É este, portanto, o testemunho que a comunidade cristã e até o mundo da cultura esperam de vós, professores e alunos da Universidade, a que deu início a fé intrépida do Padre Gemelli: mostrar com os factos que a inteligência não só não fica diminuída, mas é antes estimulada e fortificada, por aquela fonte incomparável de compreensão da realidade humana, que é a Palavra de Deus; mostrar com factos que à volta desta Palavra é possível construir uma comunidade de homens e mulheres (a "universitas personarum" das origens) que fazem prosseguir a sua investigação nos diversos campos sectoriais, sem perder o contacto com os pontos de referência essenciais duma visão cristã da vida; comunidade de homens e mulheres que procuram respostas particulares a problemas particulares, mas encontram alento na alegre consciência de possuírem juntos a resposta última aos problemas últimos; comunidade de homens e mulheres que principalmente se esforçam por encarnar, na sua existência e no ambiente social de que são parte, o anúncio de salvação que receberam d'Aquele que é a luz verdadeira que ilumina iodo o homem (13); comunidade de homens e mulheres que se sentem obrigados — se bem que no respeito da legítima autonomia das realidades terrenas, criadas por Deus, d'Ele dependentes e para Ele ordenadas — a "inscrever a lei divina na vida da cidade terrena" (14).

A ufania pela qualidade de "católica" contém ainda em si o compromisso duma distinta fidelidade da Universidade da Igreja para com o Papa e os Bispos, a quem ela sempre foi e continua a ser muito querida, e para com toda a comunidade eclesial italiana, pela qual é sustentada com sacrifícios e considerada com afecto, mas também com exigente esperança. Esta fidelidade — pelo Padre Gemelli tão insistentemente inculcada e tão coerentemente vivida garantia daquela unidade e daquela caridade fraterna, que formam o sinal característico da vossa, como de qualquer outra instituição destinada ao serviço do Povo de Deus.

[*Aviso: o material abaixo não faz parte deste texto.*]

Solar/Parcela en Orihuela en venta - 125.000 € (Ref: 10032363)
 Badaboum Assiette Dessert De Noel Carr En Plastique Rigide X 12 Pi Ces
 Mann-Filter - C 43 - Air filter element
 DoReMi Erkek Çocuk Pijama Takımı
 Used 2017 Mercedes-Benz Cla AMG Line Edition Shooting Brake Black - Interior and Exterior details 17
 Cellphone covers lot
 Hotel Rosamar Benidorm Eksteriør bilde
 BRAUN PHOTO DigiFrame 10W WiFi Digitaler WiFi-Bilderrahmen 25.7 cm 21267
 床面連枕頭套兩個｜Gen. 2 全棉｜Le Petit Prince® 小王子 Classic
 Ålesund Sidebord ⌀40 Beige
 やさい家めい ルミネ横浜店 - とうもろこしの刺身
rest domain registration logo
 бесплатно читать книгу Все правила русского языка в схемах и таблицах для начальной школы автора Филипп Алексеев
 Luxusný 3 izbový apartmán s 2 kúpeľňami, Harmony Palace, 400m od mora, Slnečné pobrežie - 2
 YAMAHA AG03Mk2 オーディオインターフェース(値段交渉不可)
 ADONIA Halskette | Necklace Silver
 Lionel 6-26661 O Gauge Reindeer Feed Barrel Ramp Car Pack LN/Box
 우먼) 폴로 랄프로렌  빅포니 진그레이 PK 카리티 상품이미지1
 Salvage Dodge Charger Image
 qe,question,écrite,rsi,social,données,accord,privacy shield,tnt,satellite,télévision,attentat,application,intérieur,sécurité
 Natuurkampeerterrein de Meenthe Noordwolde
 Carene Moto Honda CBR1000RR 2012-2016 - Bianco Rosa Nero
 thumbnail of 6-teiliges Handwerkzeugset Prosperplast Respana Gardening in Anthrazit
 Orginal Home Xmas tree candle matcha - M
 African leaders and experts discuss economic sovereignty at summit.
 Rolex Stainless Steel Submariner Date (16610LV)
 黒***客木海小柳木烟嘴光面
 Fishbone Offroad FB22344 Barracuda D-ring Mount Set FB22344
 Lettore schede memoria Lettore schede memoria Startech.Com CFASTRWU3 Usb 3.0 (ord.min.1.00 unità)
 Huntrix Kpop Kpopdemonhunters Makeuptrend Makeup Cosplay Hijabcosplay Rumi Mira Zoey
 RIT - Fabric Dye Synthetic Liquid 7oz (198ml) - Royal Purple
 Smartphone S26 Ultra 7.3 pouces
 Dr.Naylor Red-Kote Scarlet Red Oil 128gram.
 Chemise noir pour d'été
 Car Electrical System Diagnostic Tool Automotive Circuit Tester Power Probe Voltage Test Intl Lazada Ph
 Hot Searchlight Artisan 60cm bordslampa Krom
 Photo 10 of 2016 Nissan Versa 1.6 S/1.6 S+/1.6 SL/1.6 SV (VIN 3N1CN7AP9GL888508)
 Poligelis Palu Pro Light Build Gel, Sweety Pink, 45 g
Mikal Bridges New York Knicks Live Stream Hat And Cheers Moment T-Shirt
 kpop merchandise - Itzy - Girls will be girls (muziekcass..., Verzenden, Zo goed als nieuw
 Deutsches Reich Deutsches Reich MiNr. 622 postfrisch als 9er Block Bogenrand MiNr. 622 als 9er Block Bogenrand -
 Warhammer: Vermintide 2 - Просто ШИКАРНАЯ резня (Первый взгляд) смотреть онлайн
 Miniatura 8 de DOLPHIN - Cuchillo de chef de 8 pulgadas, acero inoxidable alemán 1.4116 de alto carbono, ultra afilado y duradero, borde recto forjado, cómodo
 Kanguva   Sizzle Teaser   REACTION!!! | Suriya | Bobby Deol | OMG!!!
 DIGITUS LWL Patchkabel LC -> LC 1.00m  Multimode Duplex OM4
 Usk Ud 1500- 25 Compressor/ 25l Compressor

Este o vosso encargo, filhos caríssimos, esta a missão que o Papa vos confia; e estes também os votos que formula. Votos que dirijo de modo particularíssimo aos jovens, em cujas mãos se encontram os futuros destinos do glorioso Ateneu católico, mas sobretudo as esperanças de ser inspirada cristãmente a sociedade de amanhã. Ressoa ainda para eles, vindo dos lábios do Papa, um aviso que o Reitor Magnífico lhes dirigia numa hora difícil da história italiana e mundial: "Não é hora de palavriados ocos nem de atitudes estouvadas, dizia ele. É hora de importantes tarefas. Sois vós especialmente, ó jovens, aqueles a quem toca a construção do dia de amanhã, a construção da nova época da história. Onde quer que vos encontreis, mostrai-vos conscientes desta vossa missão. Sede chamas que ardam, iluminem, guiem e confortem. A nobreza do sentimento, a pobreza da vida, o ódio à vulgaridade e a tudo o que abaixa, nunca foram dever como são hoje" (15).

E agora, ao despedir-me de vós, filhos caríssimos, o pensamento sobe implorante para Aquela que hoje veneramos no privilégio da sua Imaculada Conceição. O Padre Gemelli amou Nossa Senhora com devoção filial e contra os caluniadores defendeu-a com ardor apaixonado a ponto de merecer, entre os amigos, o qualificativo de "Cavaleiro da Virgem", Queira Maria reservar um olhar de maternal predilecção para a Universidade Católica do Sagrado Coração, em favor da qual este seu filho generoso tanto trabalhou, sofreu e orou. Ela, que a Igreja invoca como "Sedes Sapientiae", seja generosa em luzes e confortos para com os actuais continuadores duma Obra, para a qual a Santa Sé e toda a Igreja italiana olham com inalterado afecto, confiança constante e esperança sempre viva.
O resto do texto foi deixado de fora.